No, Ben Gurion Won't Get Exec Jet Terminal

Hundreds of thousands of shekels spent on planning alone, for nothing.

The NIS 700,000 sunk into planning a separate terminal for executive jets at Israel's main airport is pure waste, after the Airports Authority decided that it wouldn't be built. Instead, the jets can use Terminal 1, the institution has decided.

The Airports Authority had published a tender in January 2008, for the construction of a separate building to house a terminal for executive and private planes at Ben Gurion International Airport, which lies between Tel Aviv and Jerusalem. The cost was estimated at NIS 10 million. Seven companies bought the tender documents to contend over the contract.
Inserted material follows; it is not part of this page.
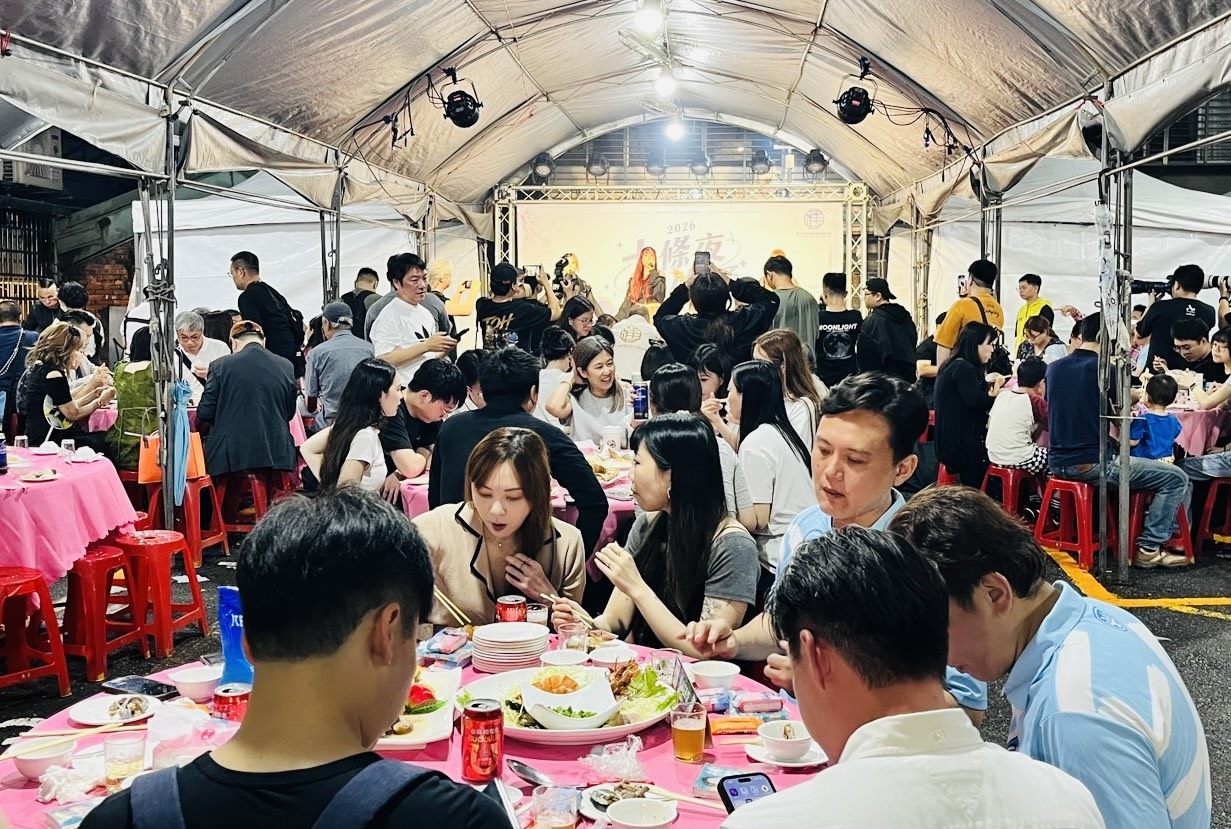 條通封街辦桌 10道經典酒家菜上桌 即起至9/19消費再抽商圈好禮 條通封街辦桌 10道經典酒家菜上桌 即起至9/19消費再抽商圈好禮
A discrete terminal was necessary, said the authority at the time, because of the increasing use of private planes of various types. The number of private flights that took off and landed at Ben Gurion climbed 28% from 2006 to 2007, the authority said.

The planning alone cost NIS 700,000, but in August last year Airports Authority director general Kobi Mor decided to suspend the tender process. The Airports Authority needed to rethink the need for the terminal, he explained, given the resources it would require - which might be better invested in security-related projects.

A month ago the Airports Authority gave the order to restart the tender process, but in a completely different format. Instead of creating a separate building, the facility will be established in Terminal 1.

The Airports Authority stated that in the past it had looked at building a designated terminal for executive flights and private planes, alongside Terminal 1.

But following the initial planning stages and examination of operational and legal aspects, it realized that planting the facility in Terminal 1 would cut the project cost by 50%, the authority said.